---------- Excerpted records ----------
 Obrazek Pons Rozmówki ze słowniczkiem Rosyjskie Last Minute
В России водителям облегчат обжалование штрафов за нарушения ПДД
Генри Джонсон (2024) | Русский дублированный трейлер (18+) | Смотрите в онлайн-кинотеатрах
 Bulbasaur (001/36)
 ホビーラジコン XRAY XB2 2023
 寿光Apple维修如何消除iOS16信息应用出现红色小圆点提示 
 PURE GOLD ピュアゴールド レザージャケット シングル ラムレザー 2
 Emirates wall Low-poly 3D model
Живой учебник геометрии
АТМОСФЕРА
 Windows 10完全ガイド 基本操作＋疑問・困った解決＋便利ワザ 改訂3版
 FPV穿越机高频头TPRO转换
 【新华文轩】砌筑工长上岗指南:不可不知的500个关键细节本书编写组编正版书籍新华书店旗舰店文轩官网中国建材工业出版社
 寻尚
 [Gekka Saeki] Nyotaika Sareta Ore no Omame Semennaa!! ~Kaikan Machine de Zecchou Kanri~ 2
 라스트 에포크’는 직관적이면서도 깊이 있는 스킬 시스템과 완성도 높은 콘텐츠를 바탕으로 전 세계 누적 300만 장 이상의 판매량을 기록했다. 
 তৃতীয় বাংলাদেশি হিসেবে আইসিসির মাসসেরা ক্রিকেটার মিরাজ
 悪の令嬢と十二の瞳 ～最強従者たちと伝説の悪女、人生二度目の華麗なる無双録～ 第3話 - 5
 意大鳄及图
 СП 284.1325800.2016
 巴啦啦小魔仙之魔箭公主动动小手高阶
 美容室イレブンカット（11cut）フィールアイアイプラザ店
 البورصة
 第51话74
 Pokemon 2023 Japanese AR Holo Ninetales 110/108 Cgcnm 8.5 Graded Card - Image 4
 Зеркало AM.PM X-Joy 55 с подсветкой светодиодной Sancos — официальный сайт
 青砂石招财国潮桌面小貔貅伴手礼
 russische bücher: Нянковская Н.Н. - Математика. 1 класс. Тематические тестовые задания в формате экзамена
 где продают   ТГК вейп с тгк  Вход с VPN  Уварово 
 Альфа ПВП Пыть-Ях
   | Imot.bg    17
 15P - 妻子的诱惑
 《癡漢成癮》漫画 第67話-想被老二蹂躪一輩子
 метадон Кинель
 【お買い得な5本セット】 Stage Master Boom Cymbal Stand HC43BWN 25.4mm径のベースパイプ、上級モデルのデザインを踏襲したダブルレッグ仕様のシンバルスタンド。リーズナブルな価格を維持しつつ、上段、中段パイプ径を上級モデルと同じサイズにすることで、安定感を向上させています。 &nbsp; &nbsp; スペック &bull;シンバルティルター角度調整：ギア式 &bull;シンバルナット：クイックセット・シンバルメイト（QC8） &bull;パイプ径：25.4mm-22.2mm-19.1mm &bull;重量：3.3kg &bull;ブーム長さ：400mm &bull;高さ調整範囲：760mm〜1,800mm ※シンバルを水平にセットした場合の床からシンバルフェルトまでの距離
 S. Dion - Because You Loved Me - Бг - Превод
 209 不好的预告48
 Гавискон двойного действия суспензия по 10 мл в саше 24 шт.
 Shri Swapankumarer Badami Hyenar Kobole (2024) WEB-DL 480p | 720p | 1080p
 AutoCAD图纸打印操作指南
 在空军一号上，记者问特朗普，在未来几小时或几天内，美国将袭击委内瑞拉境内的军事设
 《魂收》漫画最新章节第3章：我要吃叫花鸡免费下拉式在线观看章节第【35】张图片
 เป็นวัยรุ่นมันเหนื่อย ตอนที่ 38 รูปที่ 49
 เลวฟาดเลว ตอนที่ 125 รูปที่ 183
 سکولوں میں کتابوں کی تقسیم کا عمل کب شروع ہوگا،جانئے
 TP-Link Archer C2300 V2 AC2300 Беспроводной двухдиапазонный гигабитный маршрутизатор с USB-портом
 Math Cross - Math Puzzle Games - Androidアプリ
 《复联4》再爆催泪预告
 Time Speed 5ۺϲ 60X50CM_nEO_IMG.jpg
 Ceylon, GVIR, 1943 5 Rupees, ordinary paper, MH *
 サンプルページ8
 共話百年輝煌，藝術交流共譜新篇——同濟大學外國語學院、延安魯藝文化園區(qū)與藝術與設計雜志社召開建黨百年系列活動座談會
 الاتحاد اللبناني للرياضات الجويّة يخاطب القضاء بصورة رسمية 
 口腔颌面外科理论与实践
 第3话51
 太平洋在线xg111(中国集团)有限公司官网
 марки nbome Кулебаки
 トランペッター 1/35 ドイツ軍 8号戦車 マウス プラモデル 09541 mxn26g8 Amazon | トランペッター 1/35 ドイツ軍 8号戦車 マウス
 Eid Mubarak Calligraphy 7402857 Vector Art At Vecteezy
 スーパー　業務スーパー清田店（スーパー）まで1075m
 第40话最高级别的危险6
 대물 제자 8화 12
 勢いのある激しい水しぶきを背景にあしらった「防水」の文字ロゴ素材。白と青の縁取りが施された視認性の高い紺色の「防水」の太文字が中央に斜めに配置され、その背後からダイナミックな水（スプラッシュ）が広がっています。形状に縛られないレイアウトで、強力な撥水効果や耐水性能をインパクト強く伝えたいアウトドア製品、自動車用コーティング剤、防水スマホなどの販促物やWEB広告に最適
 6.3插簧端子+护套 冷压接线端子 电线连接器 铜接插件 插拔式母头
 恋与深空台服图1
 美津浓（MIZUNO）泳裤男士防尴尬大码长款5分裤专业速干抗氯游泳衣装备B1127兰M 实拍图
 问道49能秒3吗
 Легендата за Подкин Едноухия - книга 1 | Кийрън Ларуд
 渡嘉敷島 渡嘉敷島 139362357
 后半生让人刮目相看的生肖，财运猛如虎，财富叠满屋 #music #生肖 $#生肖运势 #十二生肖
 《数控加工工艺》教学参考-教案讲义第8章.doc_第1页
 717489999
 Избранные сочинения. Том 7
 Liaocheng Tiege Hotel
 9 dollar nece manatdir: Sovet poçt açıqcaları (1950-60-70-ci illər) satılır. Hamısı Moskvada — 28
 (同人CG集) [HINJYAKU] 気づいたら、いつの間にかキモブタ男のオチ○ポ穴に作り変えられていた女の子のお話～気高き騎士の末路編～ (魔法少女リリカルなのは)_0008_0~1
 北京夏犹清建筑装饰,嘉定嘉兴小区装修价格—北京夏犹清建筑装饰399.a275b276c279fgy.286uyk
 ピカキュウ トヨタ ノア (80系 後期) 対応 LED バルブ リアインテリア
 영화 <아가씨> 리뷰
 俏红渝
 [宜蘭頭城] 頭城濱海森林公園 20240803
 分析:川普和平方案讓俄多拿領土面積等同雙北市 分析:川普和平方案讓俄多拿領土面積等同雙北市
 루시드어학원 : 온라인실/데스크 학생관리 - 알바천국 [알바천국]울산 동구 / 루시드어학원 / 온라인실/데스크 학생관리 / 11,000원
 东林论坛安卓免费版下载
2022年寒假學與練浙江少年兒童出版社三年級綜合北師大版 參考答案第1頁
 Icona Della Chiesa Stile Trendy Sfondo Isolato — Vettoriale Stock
----------
Pull every line containing "ตอนท" from the data.

 เป็นวัยรุ่นมันเหนื่อย ตอนที่ 38 รูปที่ 49
 เลวฟาดเลว ตอนที่ 125 รูปที่ 183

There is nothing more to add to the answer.